Tuesday, 2 January 2024

AI AND FEAR FACTOR: HOW IT UNCOVERS OUR HUMAN NATURE


 

Happy New Year, dear readers! I hope you had a Merry Christmas and are ready to face the new challenges and opportunities that 2024 will bring. As we cross the threshold of the new year, time and again, we reflect on our past, present, and future, and wonder at what lies ahead for us and our world.

Last Christmas, did you ever go through some kind of unguarded moments and asked yourself this string of questions:

Do they know it’s Christmas? Do they have a chance to celebrate with their loved ones, or are they too busy trying to survive? Do they have a voice, or are they silenced by fear?

Do we know it’s Christmas? Do we care about their plight, or are we too busy with our own lives? Do we share our blessings with them, or do we turn a blind eye? Do we add them to our prayers, or do we brush them aside?

As the lyrics of the song go, “Well, tonight thank God, it’s them, instead of you.”

From the slums of Manila to the ravages of Gaza: Do they know it’s Christmas? Do we know it’s Christmas?

Pricking our consciences, the questions above may be too nerve-racking for us to answer and may turn out to be even more complex and perplexing as we come to grips with the breakneck and unprecedented quantum leap of artificial intelligence (AI) in our society today.

THE AI DEATH CALCULATOR

What about this question: What if you know the day you will die? Yikes! I could only imagine how you’d react. Newspapers all over the world flashed such an eerie question like the following banners:

“When will you die? Meet the ‘doom calculator,’ an artificial intelligence algorithm” (USA Today)

“AI death calculator can predict when you’ll die… with eerie accuracy” (News 5 Cleveland)

“AI Death Calculator: Countdown to Your Fate!” (Yahoo)

Yes, you read them right. AI can do such a scary thing. It can predict the exact date of our death. Such is the recent AI spine-chilling breakthrough called the AI death calculator. Hitting the headlines, it is not science fiction any more, but real and existing technology that is now being developed and tested. It uses an algorithm called Life2vec which analyzes large amounts of data -- medical history, genetics, lifestyle, and socio-economic status, among others – to calculate man’s life expectancy.

This AI death calculator breakthrough refreshes my memory of an anecdote I heard in one Bible study group session I joined many years ago. Our leader told us then, tongue-in-cheek, about a weird invention – a machine that could read what’s in our minds. What’s more, it could broadcast exactly what you’re thinking through its built-in speaker which people around could hear like a jukebox.

Holy cow!


MIND-READING MACHINE

Here’s the brain teaser: Would you buy this mind-reading machine?
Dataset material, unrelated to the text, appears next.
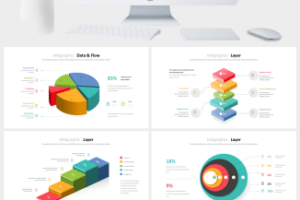 彩色立体并列关系商务PPT图表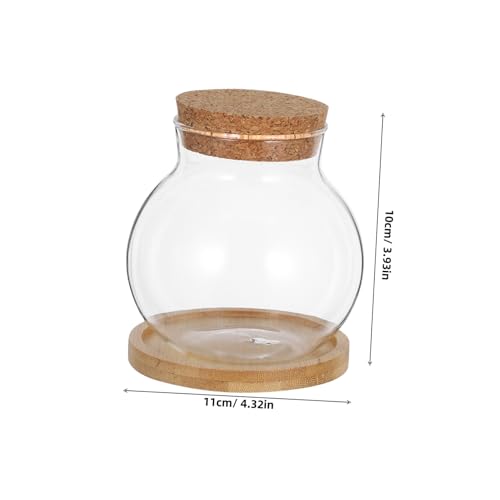 Luxshiny 2set Hydroponic Fish Bowls Glass Aquariums Cushion Cork Lid Stylish Terrarium Holders for Decoration Small for Betta Plants and Hydroponics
It begs this awkward question: Would you like other people to hear your thoughts?

Let me get off the track a bit to show a sort of intermission numbers to clear the air about the novelty of this mind-reading machine which is much too different from the gist of the following amusing dialogues:

Boy: I know what you’re thinking.

Girl: You’re naughty.

Teacher: (says to class) I know what you’re thinking.

Student: (murmurs) Please don’t call on me. Please don’t call on me.
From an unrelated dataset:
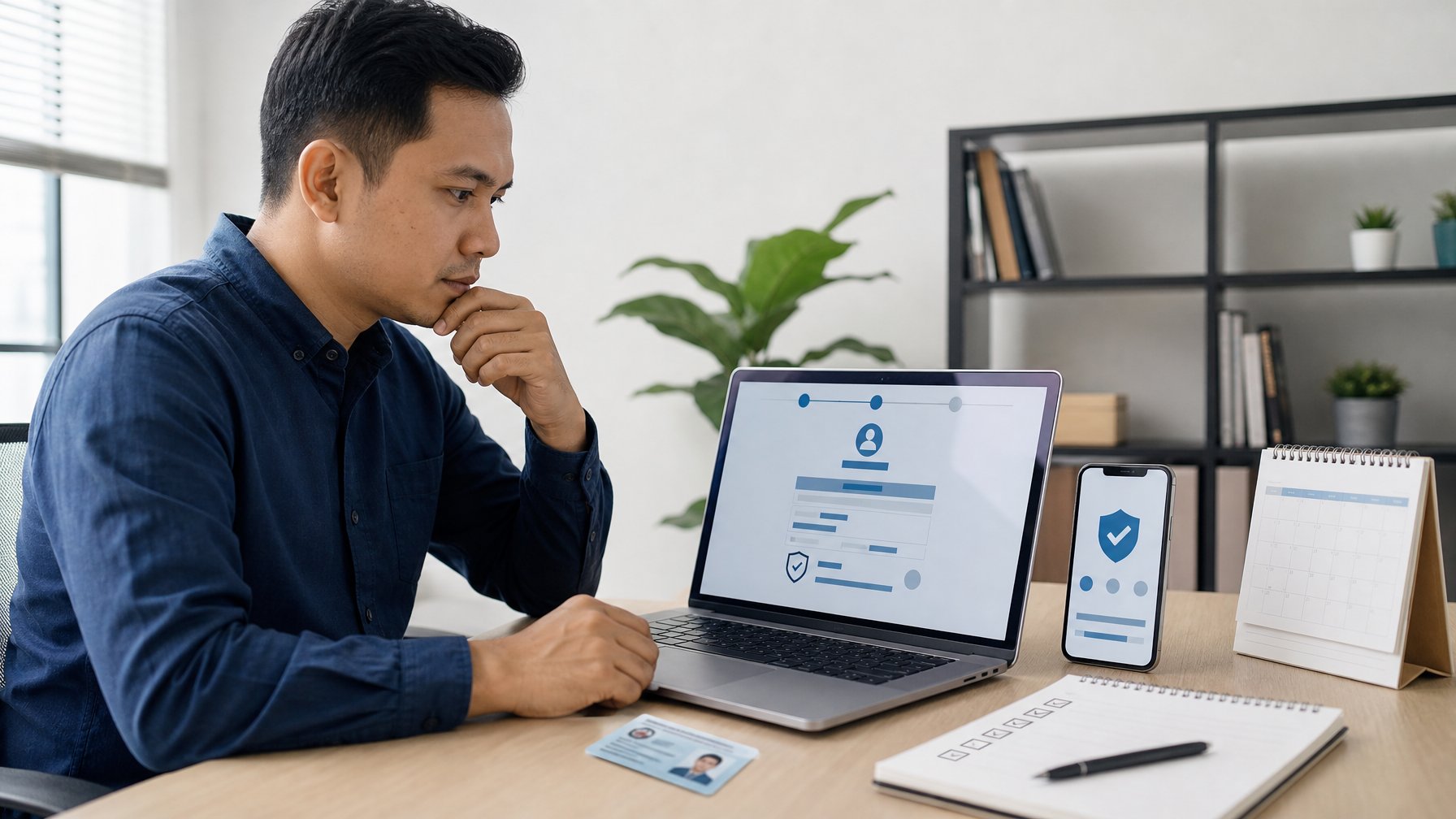 Orang dewasa memeriksa proses verifikasi akun daring di laptop dengan kartu identitas dan catatan pemeriksaan di meja.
Boss: I know what you’re thinking.

Worker: (whispers) Then, why don’t you give me a raise?

Politician: I know what you’re thinking.

Constituents: (speak softly) Yeah, right. ‘Tis your confidential and intelligence funds.

Leader: I know what you’re thinking.

Citizens: (say in hushed tones) You bet, it’s about your next globe-trotting trip.

Not a mind-reading per se, the above humorous dialogues rather illustrate, in psychology, the so-called “empathic accuracy” which relates generally to the concept of empathy.

Going back to our Bible study group, the mind-reading machine later on turned out to be a thought-provoking and soul-searching topic of our discussion. It titillated everyone in delving into the innermost recesses of his or her hidden thoughts.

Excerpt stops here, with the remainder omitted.